In this final part of the series, we'll focus on a critical aspect of network observability: security. In today's rapidly evolving threat landscape, the ability to leverage observability data for security observability is not just beneficial—it's essential. Let's take a look at how Hubble's rich observability data can be used to enhance your Kubernetes network security posture.

How Do I Interpret Hubble Data?

Hubble provides a wealth of security-relevant data that can be invaluable for identifying potential threats. Let's dive deeper into the types of data Hubble offers and how to interpret them:

Flow Logs

These detailed logs capture all network interactions, including:

  • Source and destination IP addresses and ports
  • Protocols used (TCP, UDP, ICMP, etc.)
  • Kubernetes-specific metadata (pod names, namespaces, labels)
  • Timestamp and duration of connections

With flow logs, you can look for unusual patterns such as unexpected connections between pods, connections to external IP addresses, or sudden increases in traffic volume.
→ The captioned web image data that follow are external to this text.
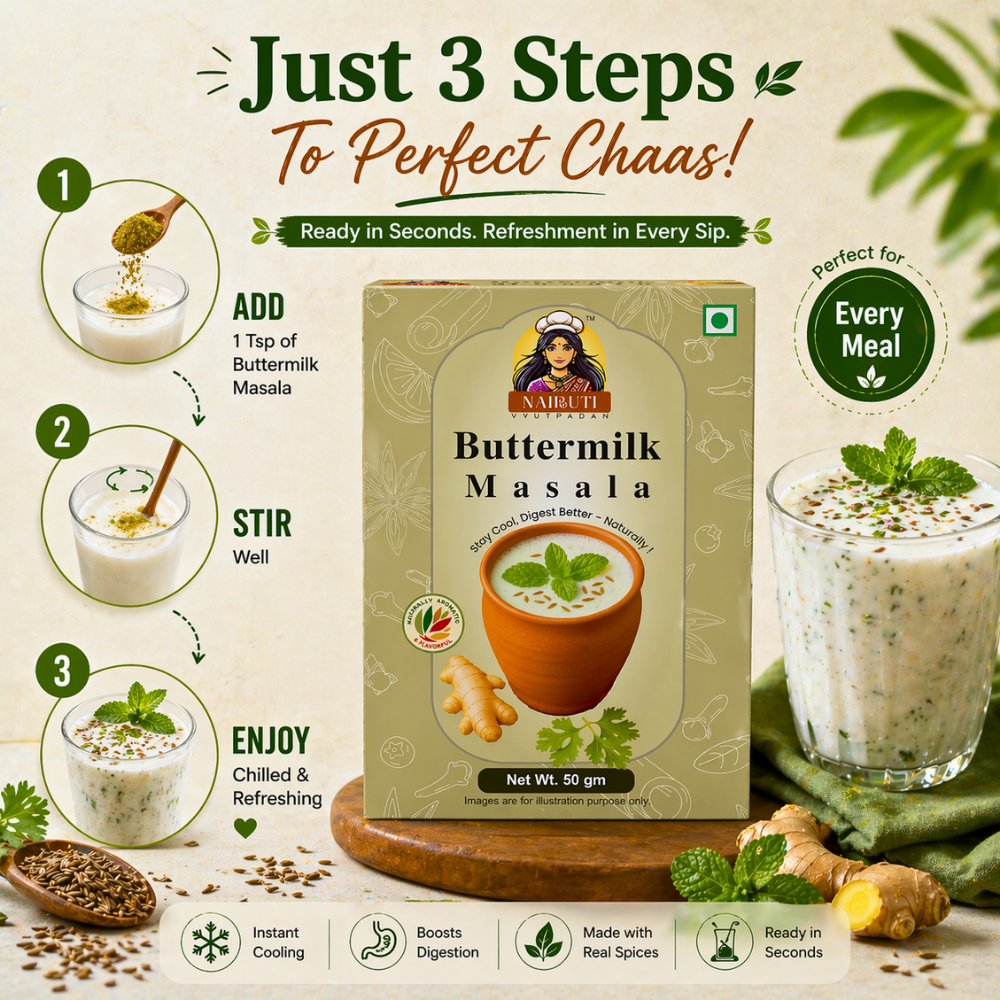 Buttermilk Masala | Chaas Masala Powder with Jeera, Mint & Spices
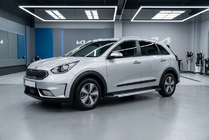 Kia Niro 2016–2021 Bočné nášľapy New Vision Grey (2 ks, hliník) fotografia 1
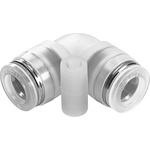 Festo Elbow Tube-toTube Adaptor, Push In 4 mm to Push In 4 mm, Tube-to-Tube Connection Style, 133105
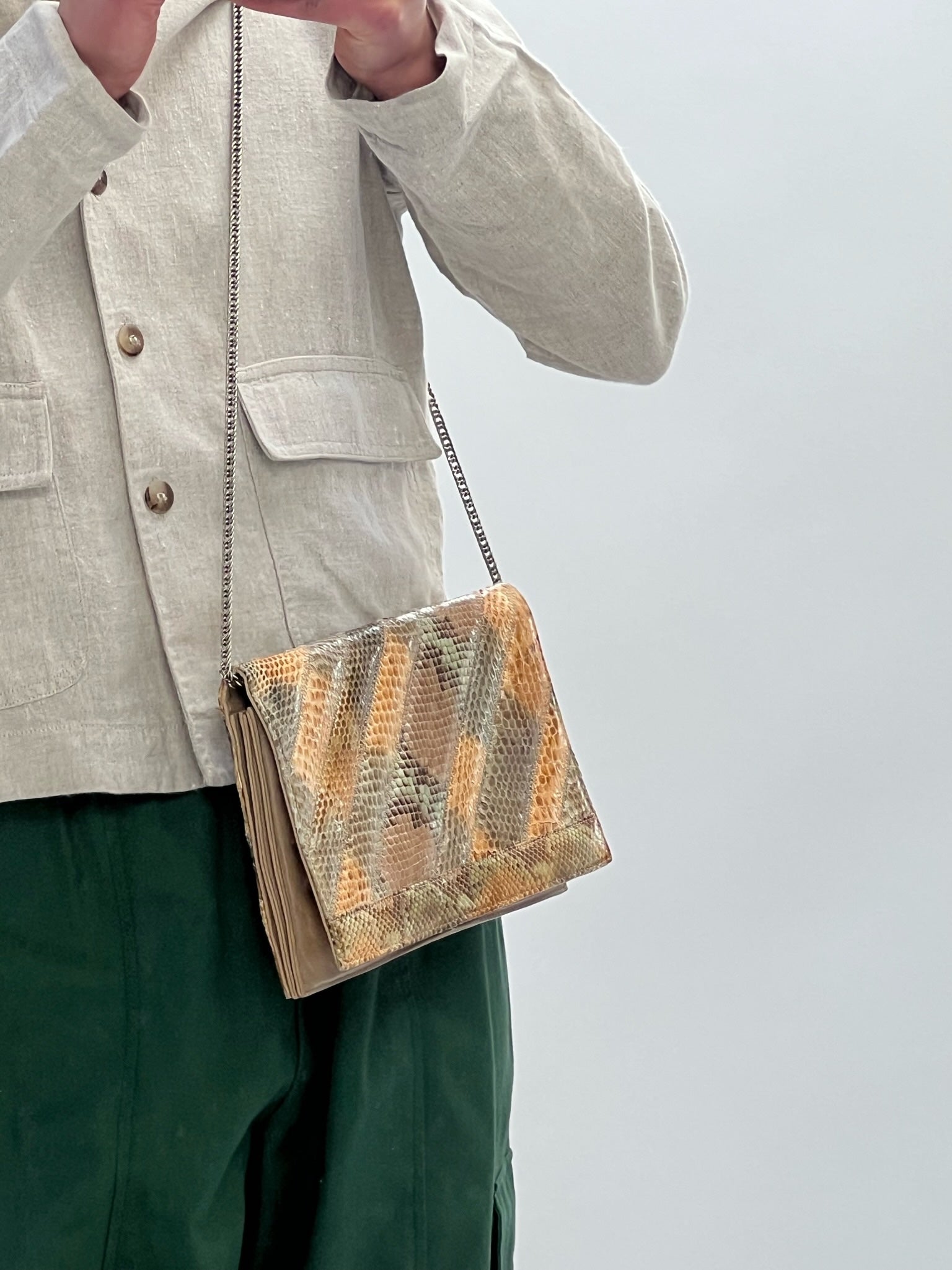 Carry your lippy in style. Mini bag. Fashion handbag. Fashion accessory.  Vintage or retro clutch design.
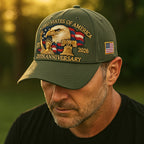 Men’s Veterans Baseball Cap Embroidered Eagle Hat
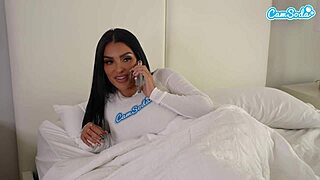 Big butt tattooed latina rides roommates boyfriend big black cock in dorm doggystyle pounding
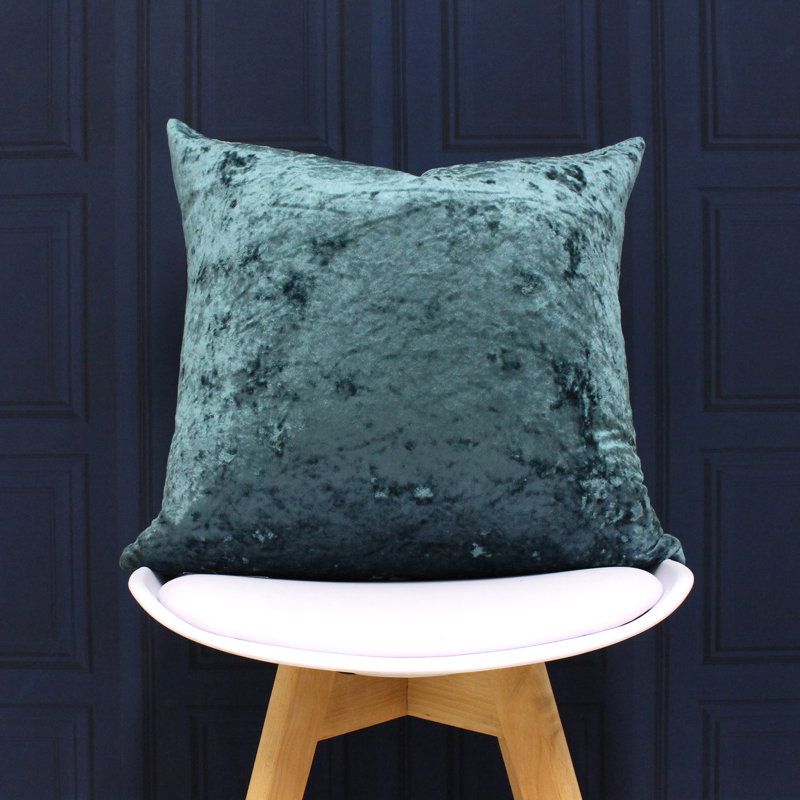 Naperville Square Cushion, Teal, 55cm H x 55cm W x 5cm D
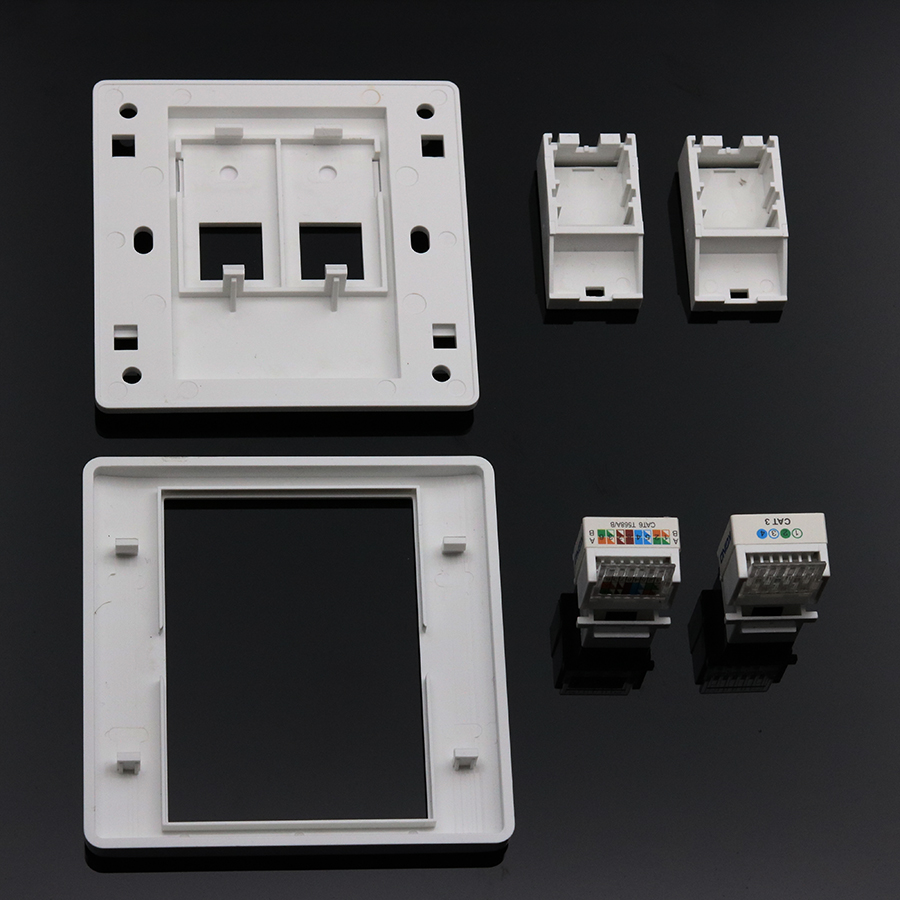 xintylink rj11 rj45 Socket jac - Patch Panel Cat6 のレビューと価格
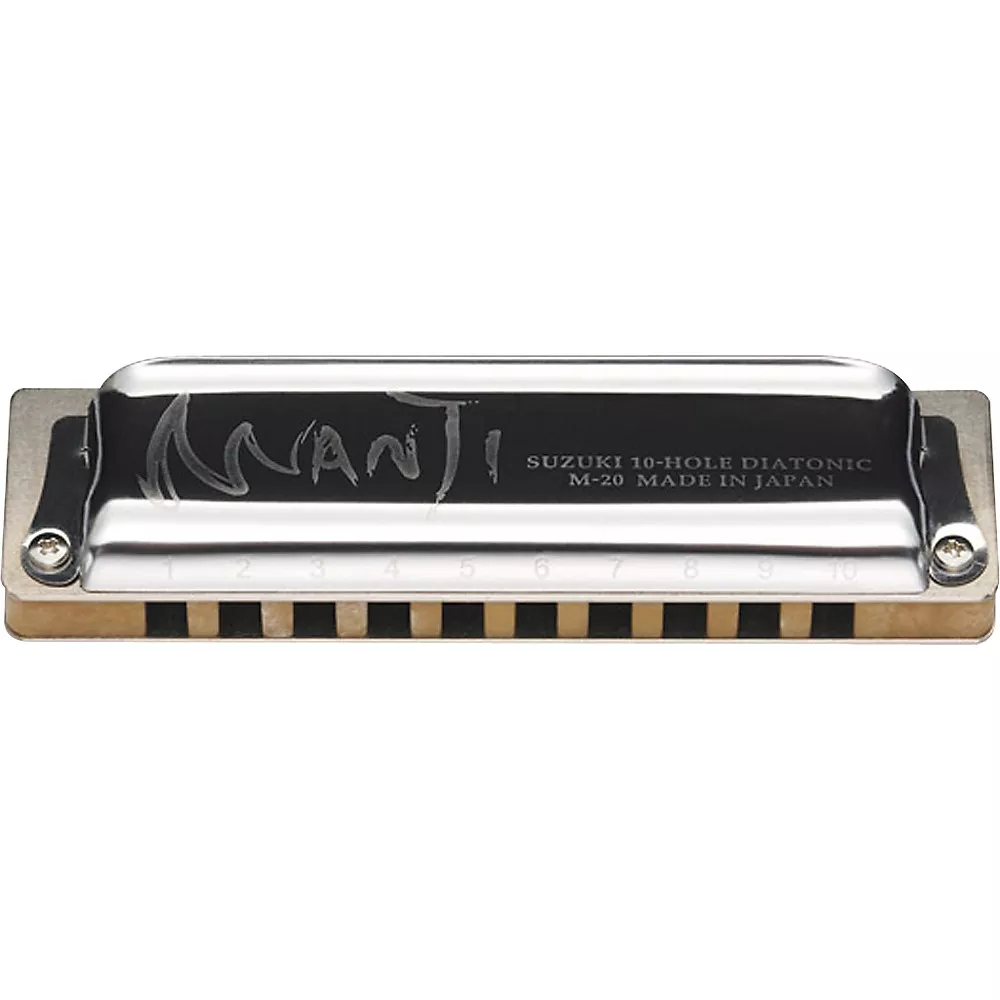 Suzuki M20 Manji 10-Hole Harmonica A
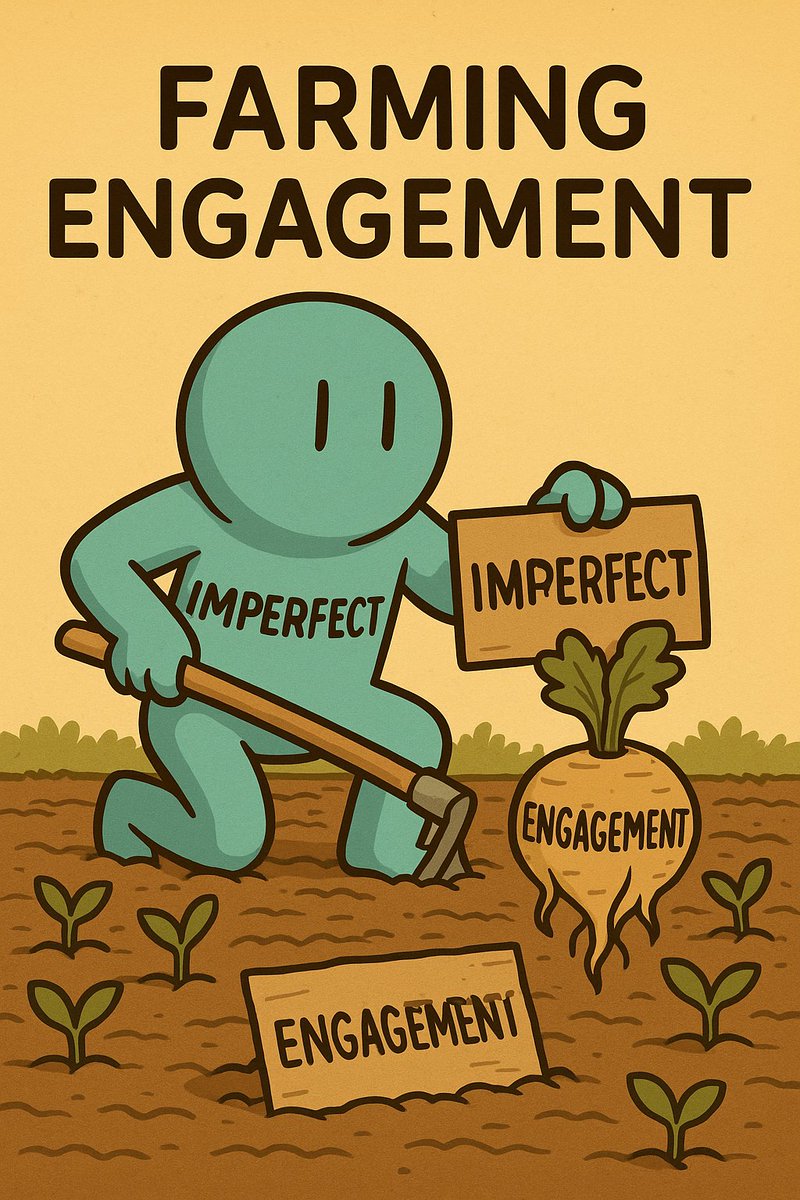 CryptoGngrNinja's tweet image. Just out here farming engagement like it’s yield season 🧑‍🌾
No dev, just vibes and root vegetables.

#ImperfectCoin #EngagementFarming #MemeCoin #CryptoTwitter #ShitcoinSeason #PumpFun #Solana #DegensUnite #BuiltInPublic #PostToEarn #LowCapGems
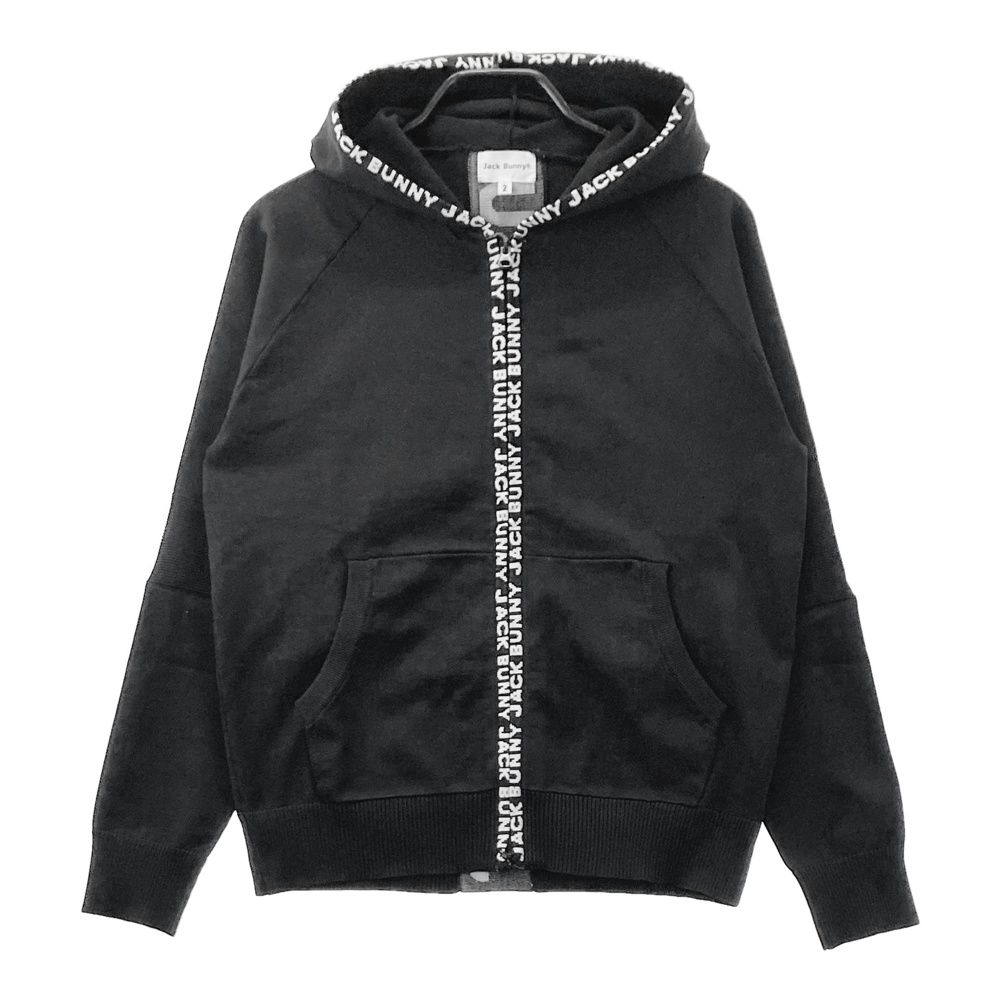 サイズ：2 JACK BUNNY ジャックバニー ニットパーカー ブラック系 [240101569527] ゴルフウェア レディース ストスト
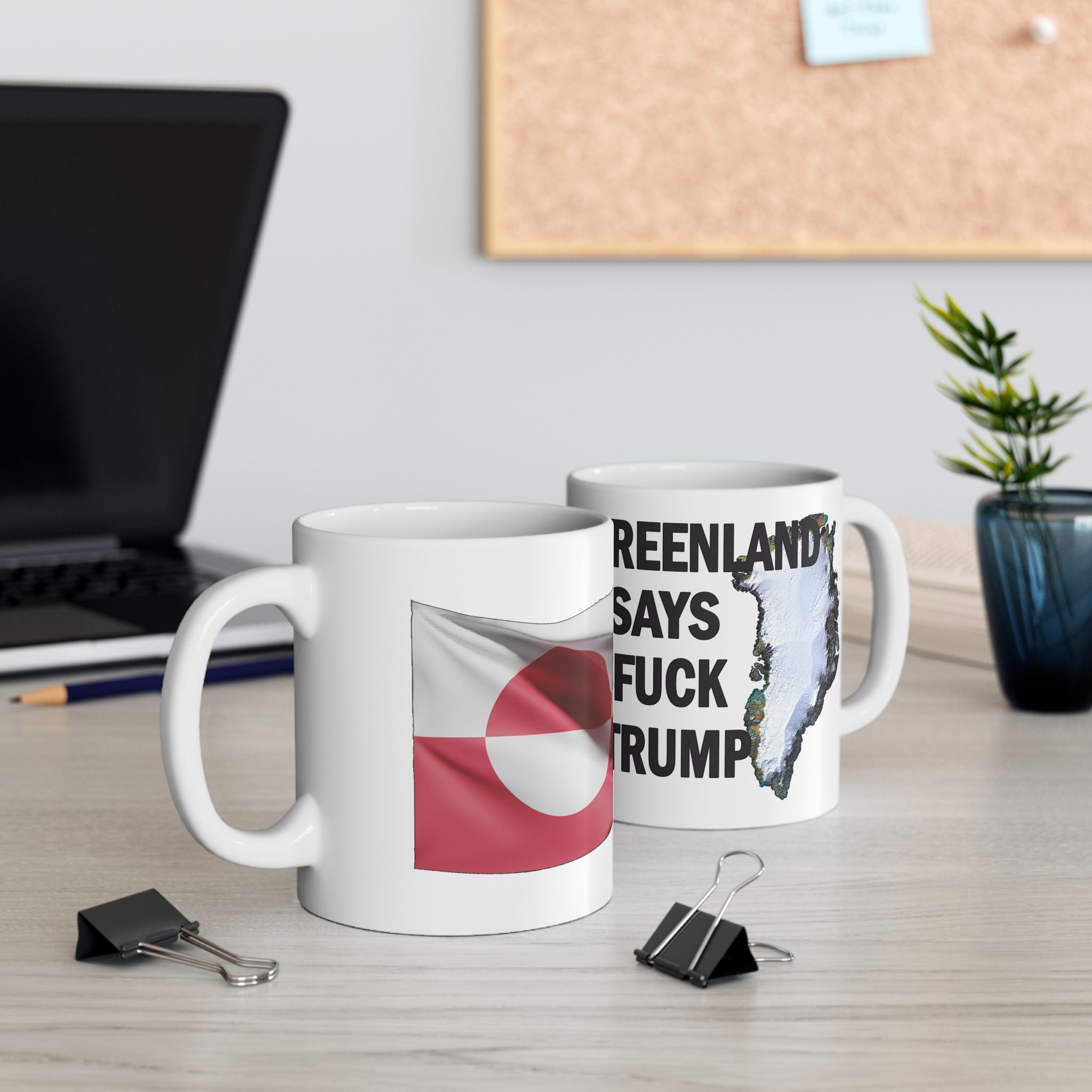 GREENLAND CERAMIC MUG/WHITE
Just like PostFinance does:

“We export the Hubble metrics, flows, and particularly the connection drops. With the source label and namespace label, we can quickly help when one of our customers or teams is having issues or a bad configuration in the namespace.” - Clément Nussbaumer, Systems Engineer, PostFinance (Read the case study)

Policy Verdicts

Hubble logs whether traffic was allowed or denied based on your network policies. In a situation where you constantly see a high number of denied connections, this could indicate either an attempted attack or a misconfigured policy. Use the Hubble service map to visualize and investigate the source and destination of denied traffic to determine the cause.

Hubble Observe in Action

DNS Queries

Hubble captures DNS-related traffic, including query types and responses. You can monitor for unusual DNS patterns, such as a high volume of queries to uncommon domains or attempts to resolve known malicious domains.

Hubble Observe in Action

HTTP Header

For HTTP traffic, Hubble can provide information about methods, paths, and headers. With this data, you can investigate suspicious user agents, unexpected request patterns, or attempts to access sensitive endpoints.

Hubble Observe in Action

TLS Information

Hubble provides details about TLS versions and cipher suites used in encrypted connections. This data can help you identify potentially insecure TLS versions or cipher suites that could cause vulnerable connections.

Performance Metrics

Hubble provides data on latency, throughput, and error rates. Sudden changes in these metrics could indicate a DDoS attack, misconfiguration, or a compromised application.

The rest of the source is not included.